Depression

I believe that in the next 20 years, depression will be one of highest factors for premature deaths across the world – possibly overtaking cancer.  And the worst is – it’s a silent killer, most times left untreated.  Well – that’s my thought.

It’s alarming that once you yourself have experienced depression how you can easily identify it in those around you, and I’m finding so many people are suffering, all to varying degrees, but suffer nevertheless.

So 4 years ago I went through a very serious bout of depression.  Before this experience – to be frank – I had no time, or empathy or understanding of those suffering with this.  I was Miss Positivity and brushed off any complaints from acquaintances with stupid, senseless comments like:  “Things will change”, “Just think of positive things”, “Everything happens for a reason”.

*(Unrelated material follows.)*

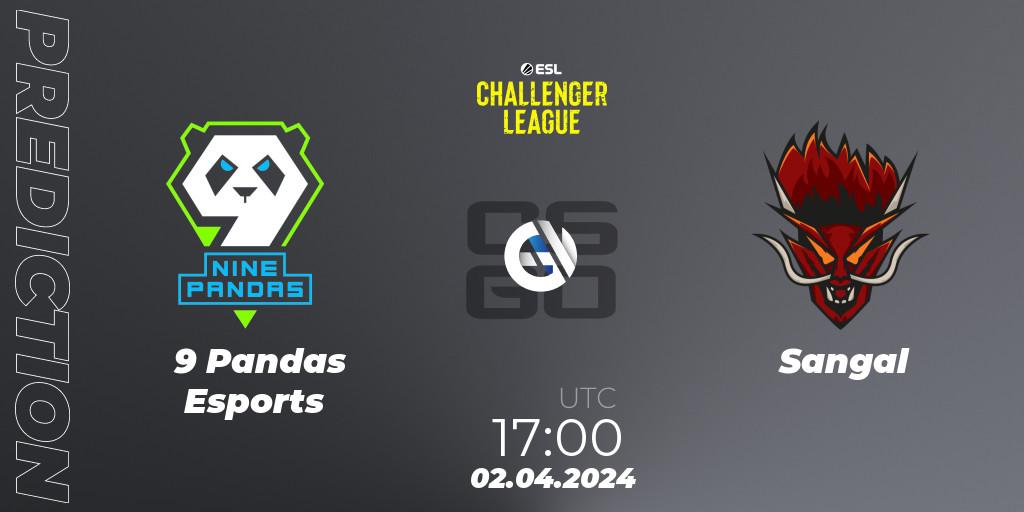 9 Pandas Esports contre Sangal : prédiction de match. 02.04.2024 at 17:00. Counter-Strike (CS2), ESL Challenger League Season 47: Europe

Back then, I believed my depression was due to my life circumstances.  I was going through a divorce, everything I thought about myself was a lie, I had no idea how I had gotten to this point.  I also had my first brush with thoughts of suicide.  I had a breakdown and was hospitalised.  But if I were in my home alone at the time of that breakdown, I would have tried to end my life.  I had no will to continue.  This experience has made me a more empathetic person, well rounded and supportive and I therefore don’t regret having gone through it.

But just when I thought depression was a once off occurrence in my life, I found myself slipping back into the darkness.

I think I was depressed for about a year, masking the symptoms and the feelings with busyness and excuses.  Then life seemed to strip me of so much this year – my work went quiet, my social life went quiet (by choice), and all of a sudden I was facing intense feelings of sadness.  I rationalised it with various reasons, for 6 months.  And then I broke down again.  My body just literally seemed to shut down on me.  I cried and cried and cried.  And then slept for four days.  I’ve gone back onto the anti-depressants and awaiting now for it to start its affects so that I can get back to a normal life.  (It’s been 3 weeks).

One thing I have diagnosed myself – is that it isn’t my thoughts making me depressed.  It’s in my head – literally.  Either it’s hormones that is causing havoc or there is some form of chemical imbalance.  I pray this won’t be a lifetime infliction.

To those who have taken their lives due to depression – I understand exactly how low one must feel to get to that point.